Almond Butter Macaroons
This recipe will yield 12 – 15 macaroons. Note: Macaroons will soften at room temperature. Keep refrigerated when storing. You will to chill the macaroons for at least 30 minutes before adding the icing.
- 3/4 cup almond butter
- 1/3 cup coconut oil
- 1/3 cup maple syrup
- 1 Tbsp Cocobella Coconut Water
- 1/2 cup raw cacao powder
- 1 3/4 cups desiccated coconut
- 1 cup icing sugar
- Juice of half a small lemon
- Cocobella Coconut Water
- Line a baking tray with parchment paper and set aside.
- In a large mixing bowl, add almond butter, melted coconut oil, maple syrup and coconut water and mix until well combined.
- Stir through cacao powder until smooth.

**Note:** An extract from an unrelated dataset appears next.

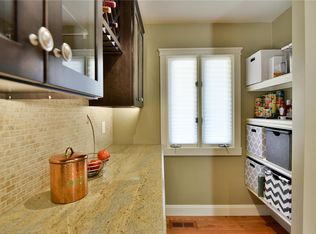 6976 Bluffside Rd, Columbia, IL 62236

- Gradually add in desiccated coconut, mixing well after each addition.
- Take 1 tablespoon of mixture and make rounds on the prepared baking tray.
- Repeat with remaining mixture.
- Place the baking tray in the freezer for 30 minutes or until the macaroons are set. Or set in the refrigerator for 1-2 hours.
- In a small mixing bowl, add icing sugar and lemon.
- Pour in 1 tablespoon of coconut water at a time, until you get your desired consistency. Mixing well after each addition. You may use up to 1/2 - 3/4 cup of coconut water.
- Add more icing sugar for desired consistency.
- Drizzle icing over macaroons with a spoon.